Rewrite amd64 PCID implementation to follow an algorithm described in

the Vahalia' "Unix Internals" section 15.12 "Other TLB Consistency Algorithms". The same algorithm is already utilized by the MIPS pmap to handle ASIDs. The PCID for the address space is now allocated per-cpu during context switch to the thread using pmap, when no PCID on the cpu was ever allocated, or the current PCID is invalidated. If the PCID is reused, bit 63 of %cr3 can be set to avoid TLB flush. Each cpu has PCID' algorithm generation count, which is saved in the pmap pcpu block when pcpu PCID is allocated. On invalidation, the pmap generation count is zeroed, which signals the context switch code that already allocated PCID is no longer valid. The implication is the TLB shootdown for the given cpu/address space, due to the allocation of new PCID. The pm_save mask is no longer has to be tracked, which (significantly) reduces the targets of the TLB shootdown IPIs.

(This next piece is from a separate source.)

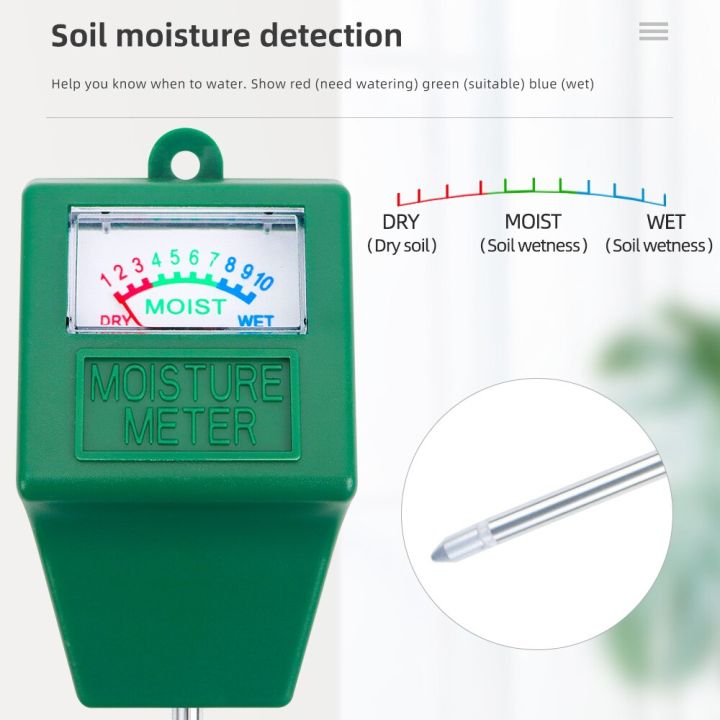 เครื่องวัดความชื้นในดินเครื่องมือวัดความเป็นกรดของดินเครื่องวัดค่า-ph-เครื่องวัดความชื้นในสวนดอกไม้ในบ้านเซ็นเซอร์ความชื้นในดิน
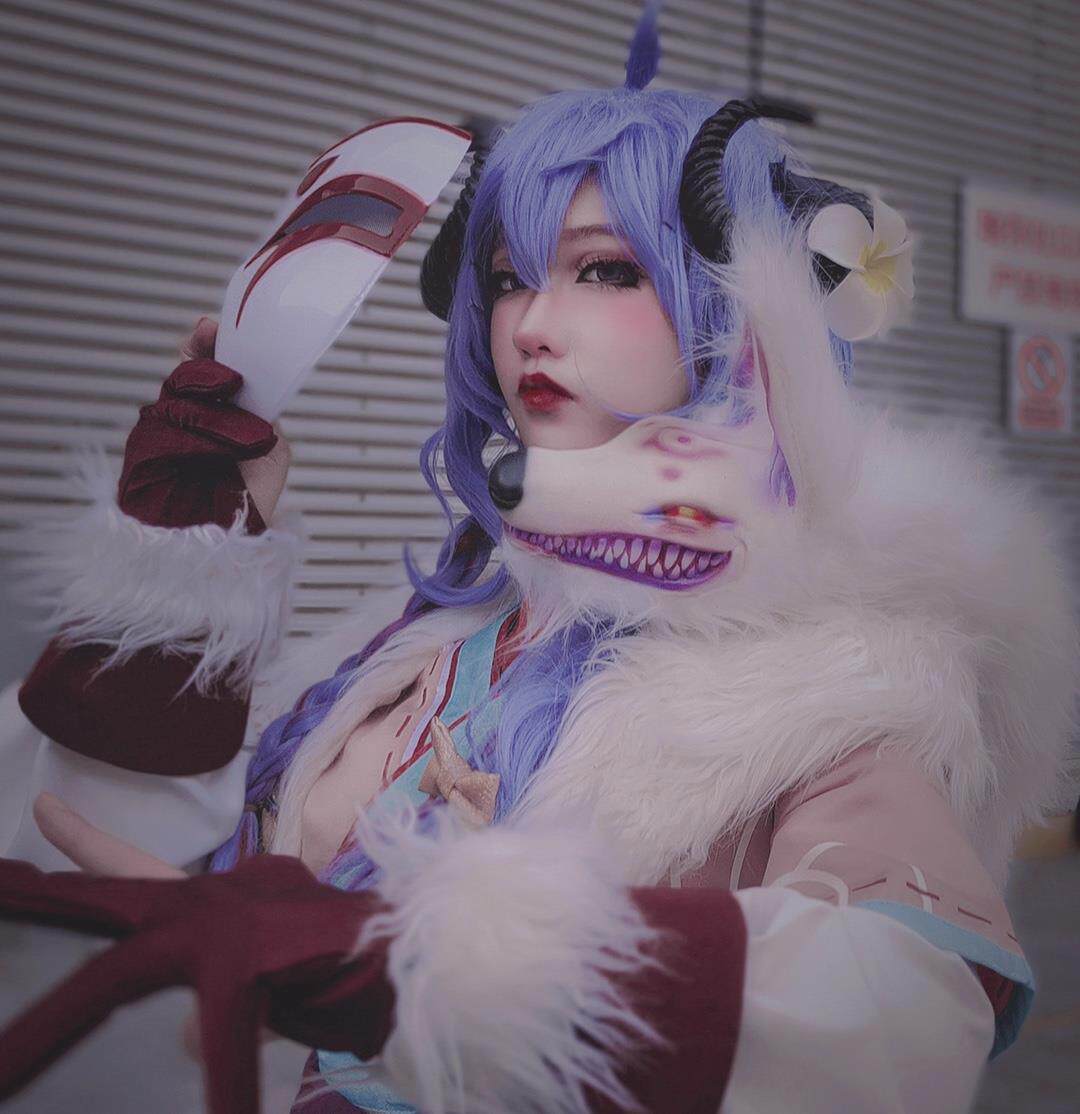 羊灵收藏版英雄联盟lol灵魂莲华千珏狼灵狼头coscosplay配件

Previously, pm_save was reset only on pmap_invalidate_all(), which made it accumulate the cpuids of all processors on which the thread was scheduled between full TLB shootdowns. Besides reducing the amount of TLB shootdowns and removing atomics to update pm_saves in the context switch code, the algorithm is much simpler than the maintanence of pm_save and selection of the right address space in the shootdown IPI handler. Reviewed by: alc Tested by: pho Sponsored by: The FreeBSD Foundation MFC after: 3 weeks
author: kib <kib@FreeBSD.org> 2015-05-09 19:11:01 +0000
committer: kib <kib@FreeBSD.org> 2015-05-09 19:11:01 +0000
commit: 3fb738761ee4e1438402fd537fc893b44ae9312b (patch)
tree: 4e5ad64b4a3d4406e2c171bb5e27a1e45fdf9ef0 /sys/amd64/amd64/mp_machdep.c
parent: 332806b9467d4a717a0589454d9756248426fd7c (diff)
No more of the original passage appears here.